The last month has been one of consolidation for the U.S. dollar, which for me as a trader means "vacation." When the market is in the so-called range zone, it has the effect of building liquidity by retail traders who want to enter the market at any cost. There are times in the market when you can trade and other times when you can't! It is necessary to recognize this difference because the number 1 priority of a consistent trader should be to protect their capital.
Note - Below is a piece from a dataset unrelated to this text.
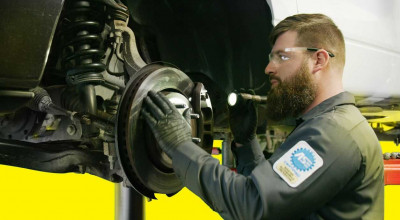 Understanding Air Brakes: How Semi-Trucks Stop Safely - Photo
USD/JPY - This market is currently very attractive from my point of view, both fundamentally and technically. The market structures are bullish on all fundamental time frames - weekly, daily and 4-hour. Another key factor that attracted my attention was the daily Imbalance zone. It was tested four times during the correction, and not once did the daily candle close below this level (on the chart - the green rectangle.) *
Link to 5-year chart: https://www.investing.com/currencies/usd-jpy
If the market shows all these aspects, my next step is to wait for an entry set-up. This consists of two or more equal lows and a subsequent short-term decline below those lows. By doing this, the market will indicate to me that the early buyers have been kicked out of the market and the banks have executed their trades. A last criterion of my trading system, in this case, is a bullish Momentum candlestick. This one will confirm the strong buying pressure that I want to be a part of. In the chart below, you can see that the market has met all the criteria mentioned. *
Link to 5-year chart: https://www.investing.com/currencies/usd-jpy
What is important right now is how the price behaves at the daily Imbalance zone of 136.3. Since I want to buy this market, I need to see a corrective bearish Price flow because of weak Seller’s strength. The price on the 4-hour timeframe may eventually drop to 133.015 but may not close below it. That would imply a transformation to a bearish structure, and the buying set-up would be invalid. [1]
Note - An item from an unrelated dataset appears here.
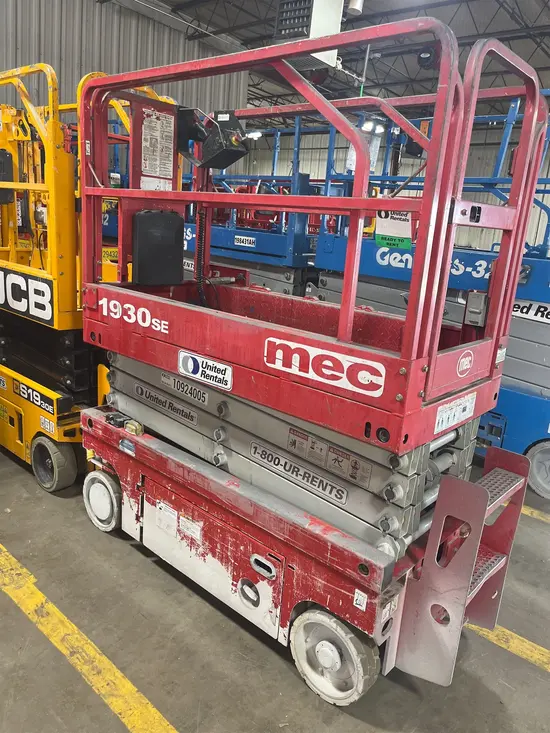 2019 MEC 1930SE Scissor Lift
The stop-loss order of the trade will depend on further developments. Now, we can say that a conservative level would be 133.743 - the zone of the last liquidity spike. [2]
The take-profit is set at 137.911. The reason for that is there are two equal highs above which the liquidity of the traders who sold and the price will want to kick them out of the market. The Retail Traders Sentiment Index shows 62% of traders with an open short position in this market. This fact confirms my assumption. [3]
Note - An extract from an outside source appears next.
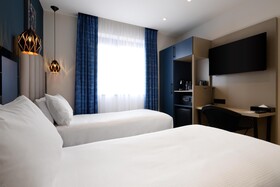 Spark by Hilton Luton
* Past performance is no guarantee of future results
[1,2,3] Forward-looking statements are based on assumptions and current expectations, which may be inaccurate, or on the current economic environment, which may change. Such statements are not guarantees of future performance. They involve risks and other uncertainties that are difficult to predict. Results may differ materially from those expressed or implied by any forward-looking statements.